Canlis, its architecture, the refinement of its service, were ahead of their time, at least in Seattle, which was several decades away from tech-fueled gentrification. Canlis was sleek, urbane, and chic with an Asian inflection, a treasure more at home in a place like 1950s Los Angeles than the blue-collar Seattle of the era.
By necessity, Canlis’ menu has changed with the times in order to remain at the vanguard of fine dining. But the restaurant’s physical environment and its culture have changed very little over the years. The interior underwent cosmetic makeovers in 1984, 1996, and 2005, but the basic look has remained the same. The same trestle tables built for the restaurant in 1950, with horizontal bars for guests to rest their feet on, are still used today.
Only two chefs, Joe Ching and Rocky Toguchi, worked at Canlis during its first 50 years. Many of its employees, valets, servers, the gardener who tends the restaurant’s bonsai trees, its piano player, have spent decades at Canlis. And because the restaurant has remained in family hands, institutional memory runs deep.
Peter’s son Chris and his wife, Alice, ran the restaurant for about 30 years — a lifelong smoker, Peter Canlis died in 1977 of lung cancer — from the mid-1970s until about 2005, when sons Mark, 36, and Brian, 33, took over. (Chris and Alice’s oldest son, Matt, a minister, lives in Scotland with his wife and four children.) The staff is young.

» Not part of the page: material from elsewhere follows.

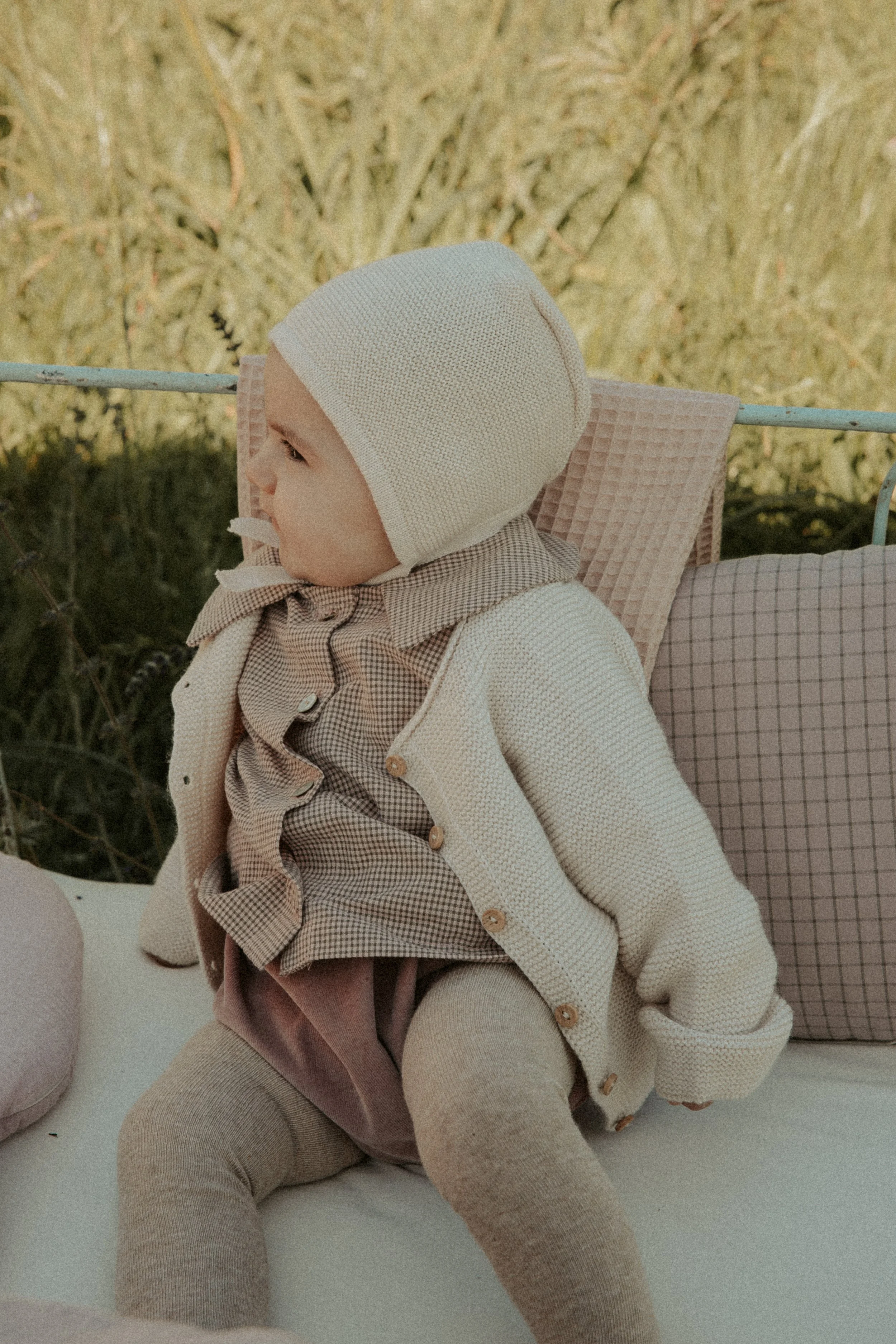 Enfant assis sur un banc, portant une bonnet blanc avec une veste beige et un pantalon rose, dans un environnement naturel.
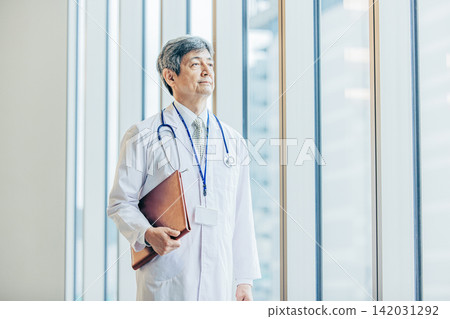 A portrait of a male doctor in his 60s wearing a white coat. A portrait of a male doctor in his 60s wearing a white coat. 142031292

The dining room managers, the sommelier, executive chef Franey, are in their 20s or not very far beyond them. The Canlises refer to the new regime as Canlis 3.0.
While the staff is young, the crew members look older than they are, the way people do in old photographs or old movies because of the gravity they convey and the more formal clothes they wear. Canlis stops short of requiring suits and jackets for male guests, but strongly encourages them. Dressing up is a way of “protecting the night,” Mark Canlis said, of making sure the evening is special.
At Canlis, if nowhere else in Seattle, manners and wardrobes still matter. Guests are addressed as sir or ma'am, Mister or Miss. Front-of-house employees wear suits or dresses. Over the years, Seattle’s fashion-deficient, high-tech corporate culture has turned dressing up into an imposition, or worse an act of shame. Dressing down became almost a badge of honor.
Ride the elevators in any of the office buildings leased by the likes of Microsoft or Amazon and you cannot tell apart the vice presidents from the bike messengers. Jeans and sneakers in the office meant energy was spent on the work not the clothes, but they also missed the point, that dressing up was a gesture of respect for the people around you and the places you visited. Khakis, polo shirts, and golf jackets might still be the official get-up in Redmond, but there are still a few places in town where dressing up is rewarded: at Mad Men parties and at Canlis.
Eating at Canlis is about the construction of a fantasy, in which all your desires are tended to seemingly without effort, in which chaos does not exist, and all transactions occur without friction. The valet who takes your car does not give you a claim ticket, nor does the person who checks your coat. They simply remember. Diners do not have to ask for their coats or cars; those belongings simply appear at the right time. Tipping the valet or the coat checker is not expected and almost discouraged. Canlis prefers cash to be invisible.